■ THE RECORDS
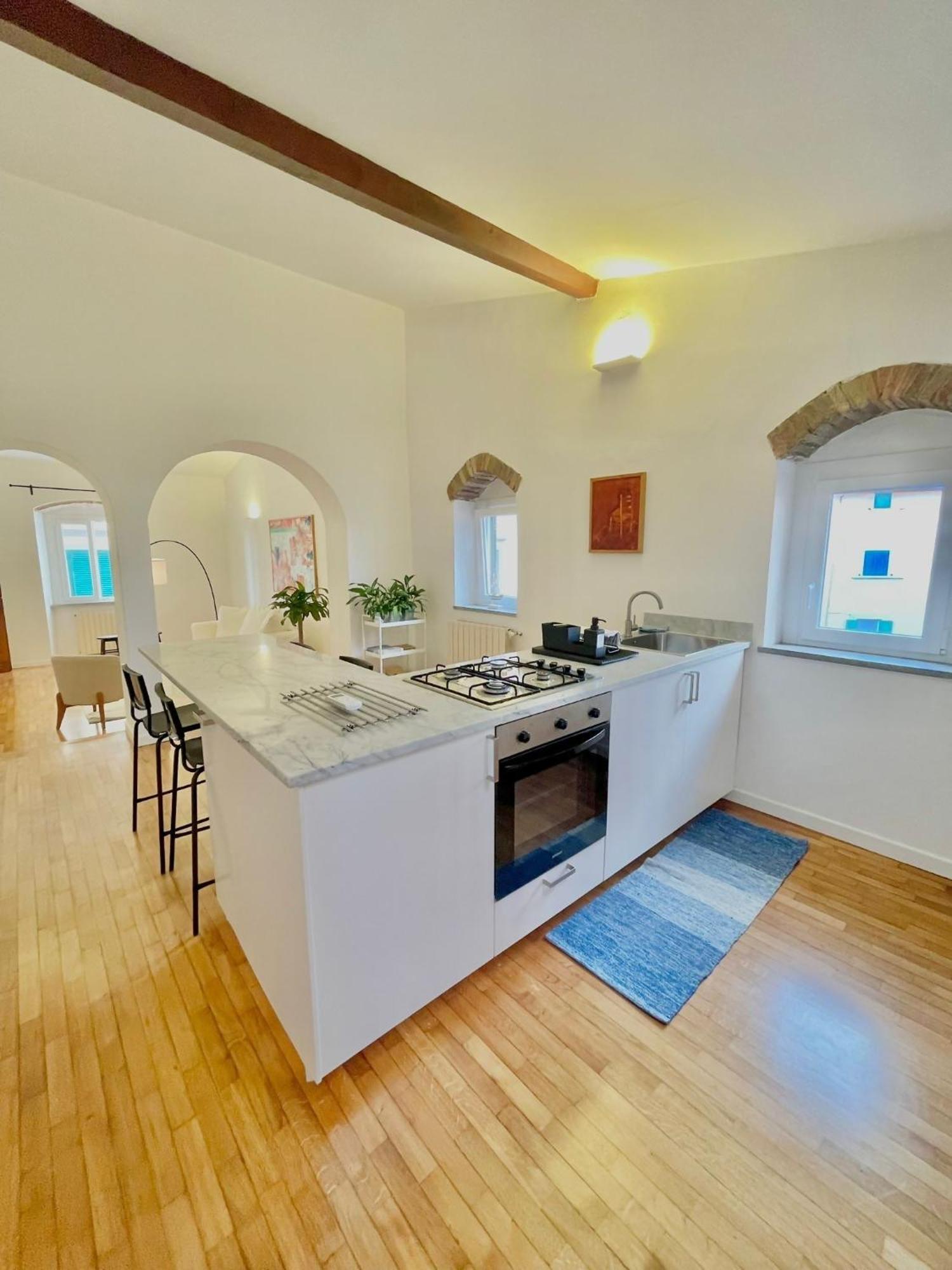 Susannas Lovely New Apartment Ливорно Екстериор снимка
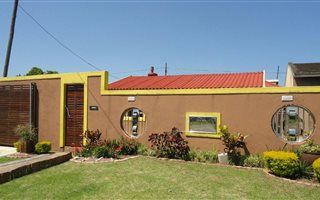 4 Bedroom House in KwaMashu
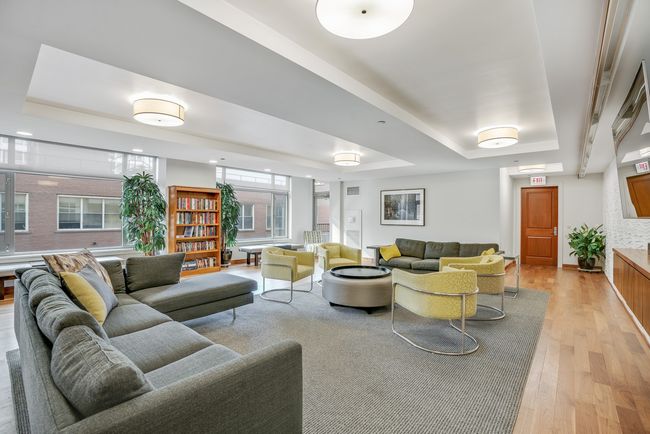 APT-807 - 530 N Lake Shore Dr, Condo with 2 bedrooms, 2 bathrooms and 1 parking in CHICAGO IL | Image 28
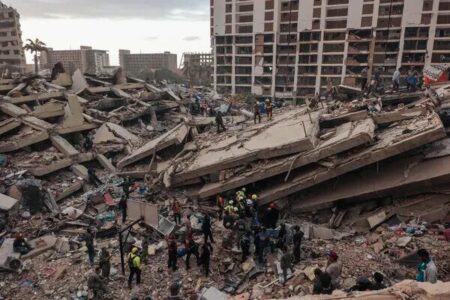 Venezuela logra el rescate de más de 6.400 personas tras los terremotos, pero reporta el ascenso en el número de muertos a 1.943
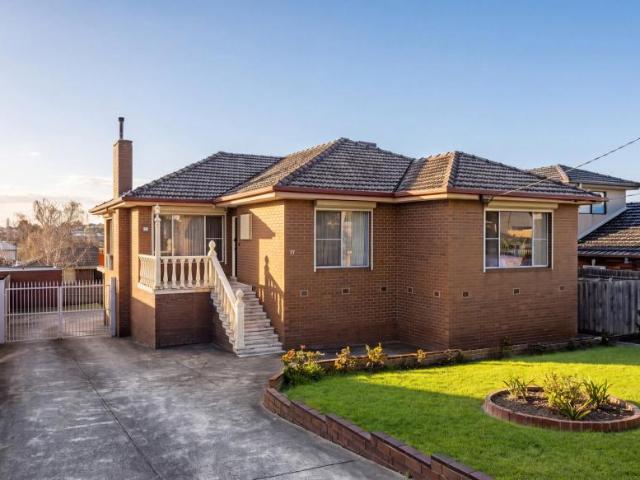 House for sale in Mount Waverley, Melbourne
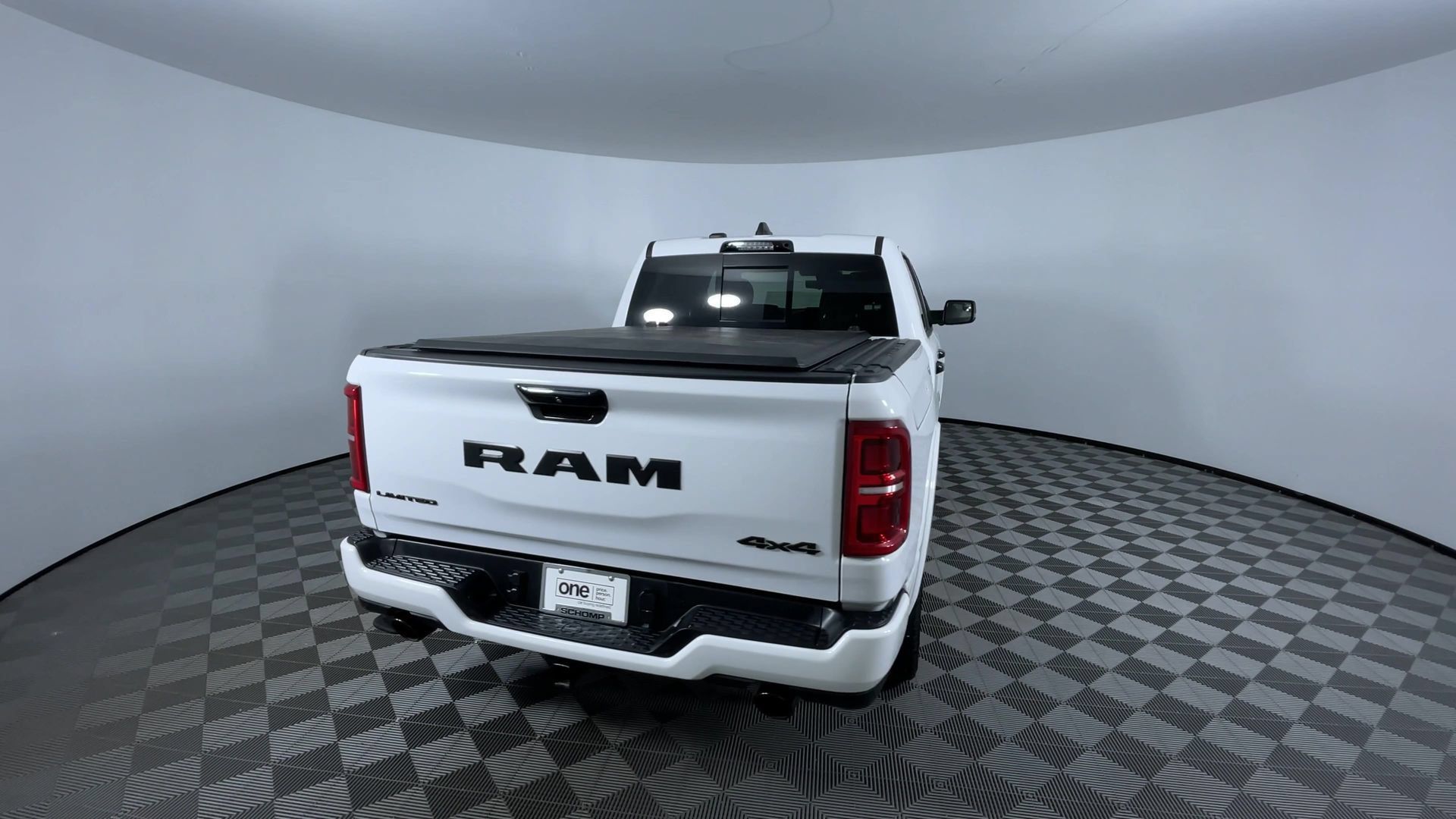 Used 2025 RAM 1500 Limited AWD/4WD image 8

--

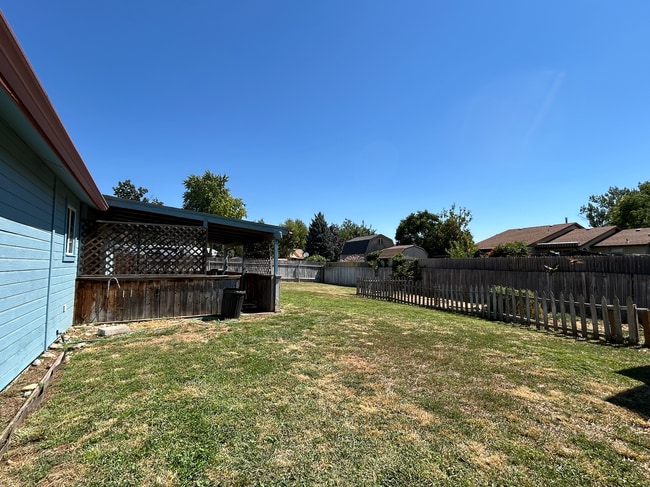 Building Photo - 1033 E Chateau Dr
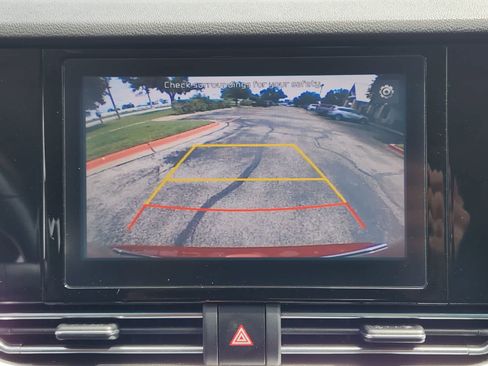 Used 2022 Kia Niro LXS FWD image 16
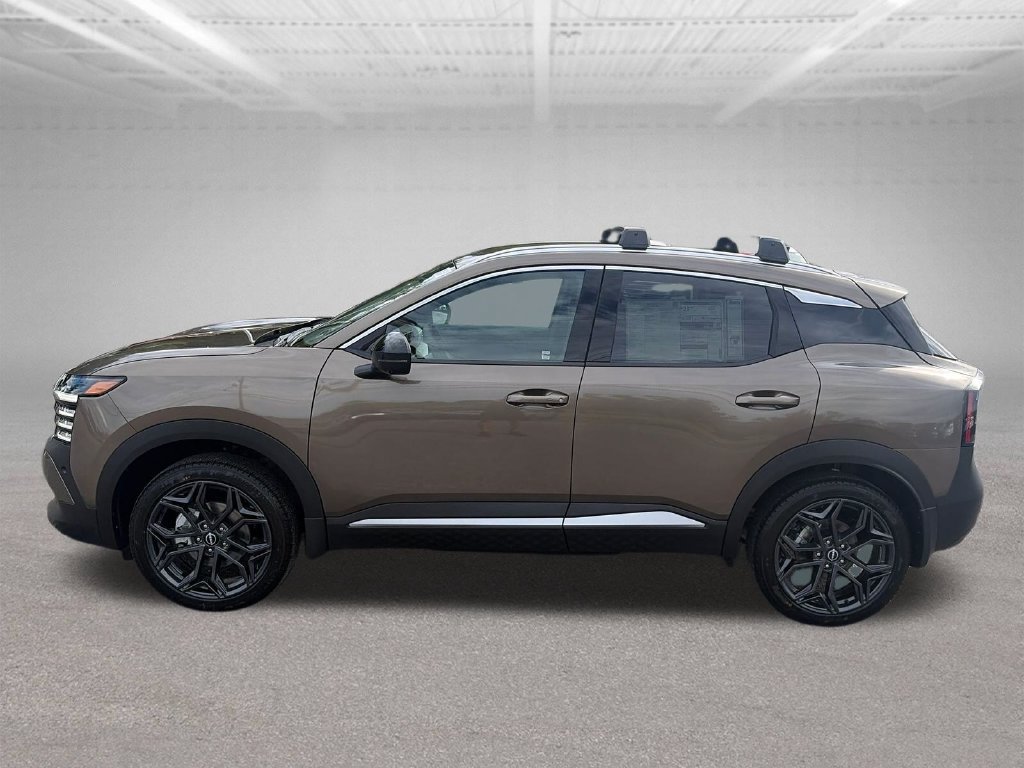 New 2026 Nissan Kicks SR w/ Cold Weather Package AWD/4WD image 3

■ TRY IT
Copy needed, without pictures: the lines of the listing above from the line containing "Used 2022 Kia Niro LXS FWD image 16" up to and including the line containing "New 2026 Nissan", set down exactly.

■ SOLUTION FOR THIS EXERCISE
 Used 2022 Kia Niro LXS FWD image 16
 New 2026 Nissan Kicks SR w/ Cold Weather Package AWD/4WD image 3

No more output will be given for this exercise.